Figure 10 shows the values of \(P_{D} (n,z)\) and \(E_{D} (n,z)\) in the cold spare case.

Figure 10

(a) \(P_{D}\) and (b) \(E_{D}\) in the cold spare case.

When the value of spares increases and there is some stability in all other parameters, we notice a stable and noticeable increase in the value of \(P_{D}\), as in Fig. 10a. In contrast to the increase in the number of servers and the stability of the rest of the parameters, a turbulent increase was observed in \(P_{D}\), as shown in Fig. 9a. This is due to the change in the number of units exiting after the inspection process. A disturbance in the detection probability led to a reduction in the time to detect the fault. Of course, this had a significant impact on \(E_{D}\), as shown in Figs. 9b, 10b.

Conclusion and future work

A probabilistic model is presented for the maintenance process of \(N\) machines (system capacity) in a specific operating system. This process was divided into two types of maintenance: one corrective and the other preventive. The corrective maintenance process is carried out on a group of machines that are actually broken and are waiting in a queue. There are a limited number of servers responsible for the repair process, with an inspector to ensure the quality of the service. At the same time, there are units (spares or standby) ready for replacement in the event of any malfunction. We studied the replacement process for three types of spares, which are warm, hot, and cold spares. We discussed the transient behaviour of this probabilistic model using the Laplace transform. An algorithm for calculating the exact value of the probability \(n\) units (\(n \le N\)) over time is presented. On the other hand, preventive maintenance was studied through the early detection process of faulty units in order to avoid a long interruption of production as a result of the unit replacement process. The probability of early detection of the target and the expected value of the detection time were obtained. In addition, the detection probability and the mean time of detection are discussed in the steady-state case.

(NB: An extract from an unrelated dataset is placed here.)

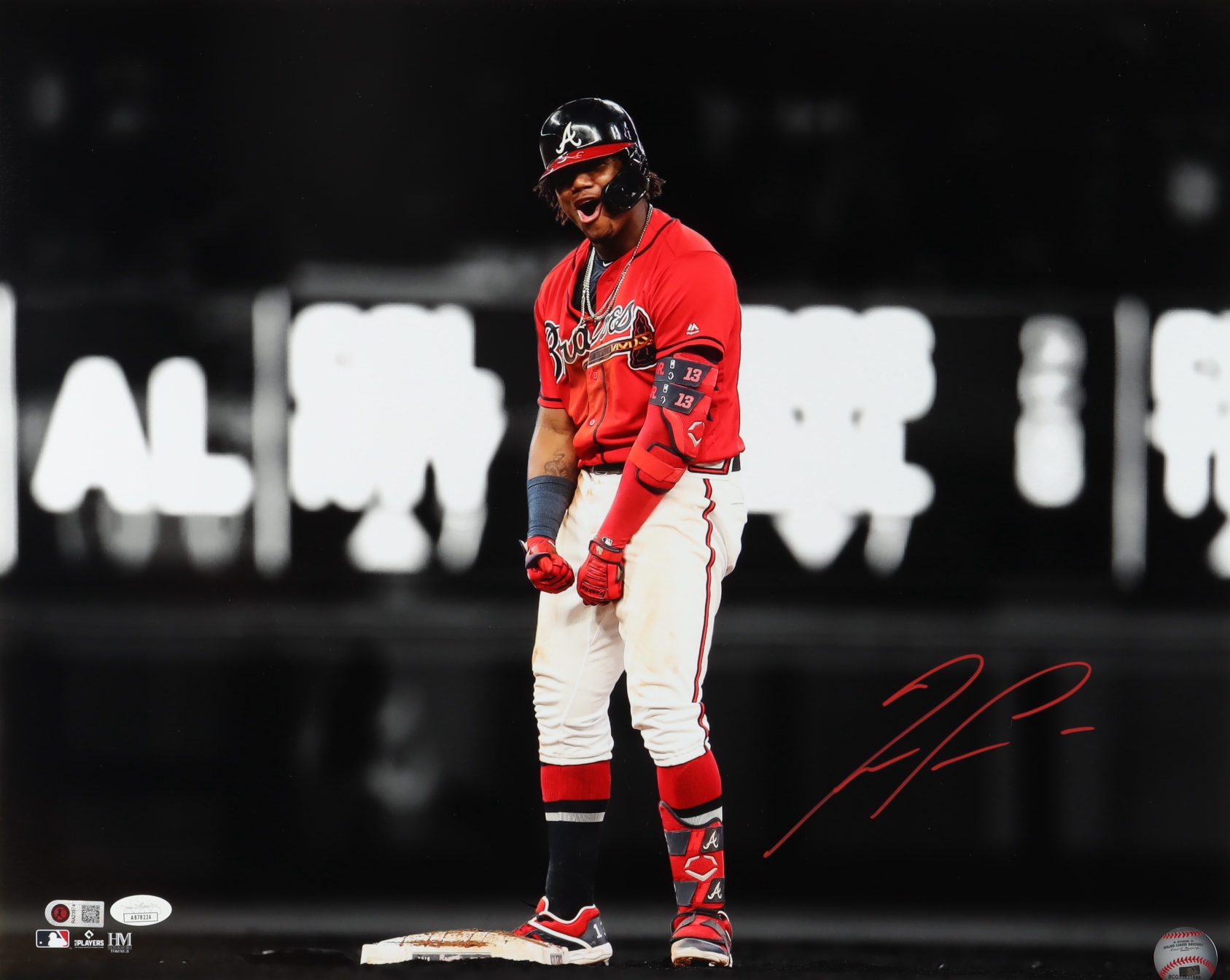 Ronald Acuna Jr. Signed Braves 16x20 Photo (JSA & Acuna Jr.) at PristineAuction.com Ronald Acuna Jr. Signed Braves 16x20 Photo (JSA & Acuna Jr.) at PristineAuction.com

In future work, this model can be used to study preventative maintenance when the amount of the detection effort is a random variable with a known distribution. Furthermore, the flexibility of this model allows us to investigate more complex problems in real life and contains more conditions that are processed in Poisson equations.